The southern margin of the Gulf of Corinth was struck by a major earthquake on 26 December 1861 at 08:28 a.m. local time. It had an estimated magnitude in the range 6.6–6.7 and a maximum felt intensity of IX (destructive) on the European macroseismic scale (EMS). It caused widespread damage on both sides of the Gulf and led to up to 20 deaths and a further 126 people being injured, 18 of them seriously. A series of tsunami waves were reported, with a maximum run-up of 2.1 m.

==Tectonic setting==
The Gulf of Corinth is a zone of active rifting caused by the continued southward movement and spreading of the Aegean Sea plate in reaction to subduction of the African plate beneath it. This is a result of rollback affecting the subducting slab, leading to extension in the over-riding plate.

The Gulf of Corinth rift is one of the fastest known zones of active extension in the world, with estimated extension rates of 10–15 mm per year. Most of the rift is dominated by large extensional faults throwing down to the north, close to the current southern shore, although there are significant active south-dipping faults within the Gulf and along its northern side. In the western part of the Gulf, the main south-dipping faults are the Psathopyrgos, Selinitika, Aigion, Eliki and Akrata faults. The Eliki Fault is generally divided into two segments, the West and East Eliki faults. The Gulf of Corinth is an area of high seismicity, with many historical destructive earthquakes recorded, such as the 1995 Aigio earthquake. The East Eliki Fault is thought to have ruptured during an earthquake in 373 BC, destroying the ancient city of Helike.

==Earthquake==
The magnitude of this earthquake has been estimated using the distribution of seismic intensities from 72 locations for which sufficient information about the damage sustained is available. The SISCOR approach used, based on the method developed by Bakun and Wentworth in 1997, gave an epicentral location in the middle of the Gulf, consistent with the observed tsunami. The magnitude was estimated in the range 6.6–6.7 , regardless of the approach adopted.

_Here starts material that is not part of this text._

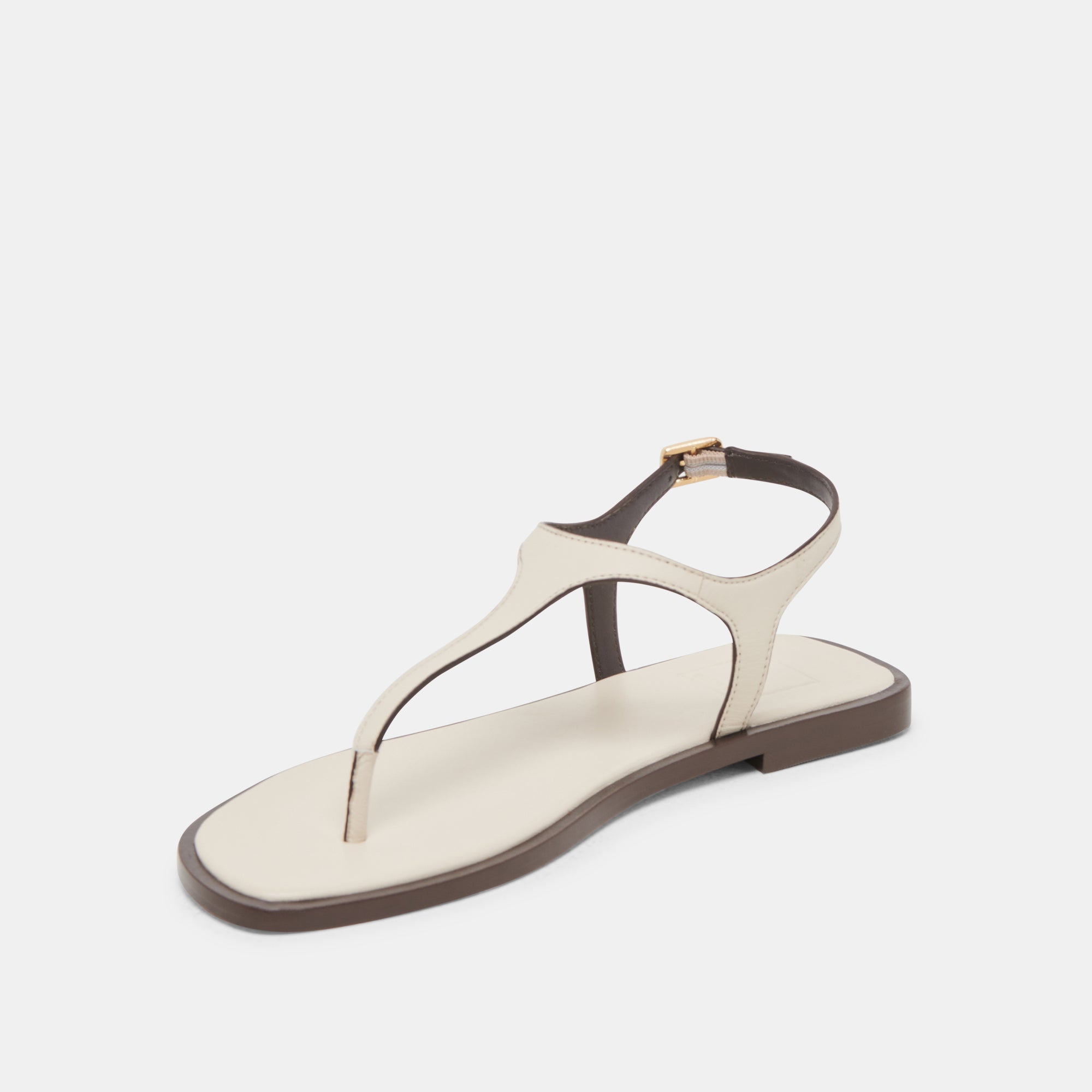 RAYE Women's Ivory Leather Sandals - Comfortable & Stylish Casual Summer Footwear for Beach, Travel & Everyday Wear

A possible surface rupture was reported soon after the earthquake by Johann Friedrich Julius Schmidt, then the director of the National Observatory of Athens. He mapped out a 12–13 km long fissure that has been interpreted as surface rupture, although it has also been suggested that the fissure may represent the effects of lateral spreading during the earthquake.

==Tsunami==
Up to five tsunami waves were reported affecting both the northern and southern coasts of the Gulf of Corinth. Run-ups of about 2 m were reported generally along the northern coast accompanied by inundation of 15–60 m. The tsunami led to significant damage to both merchant vessels and rowing boats in the Gulf of Itea.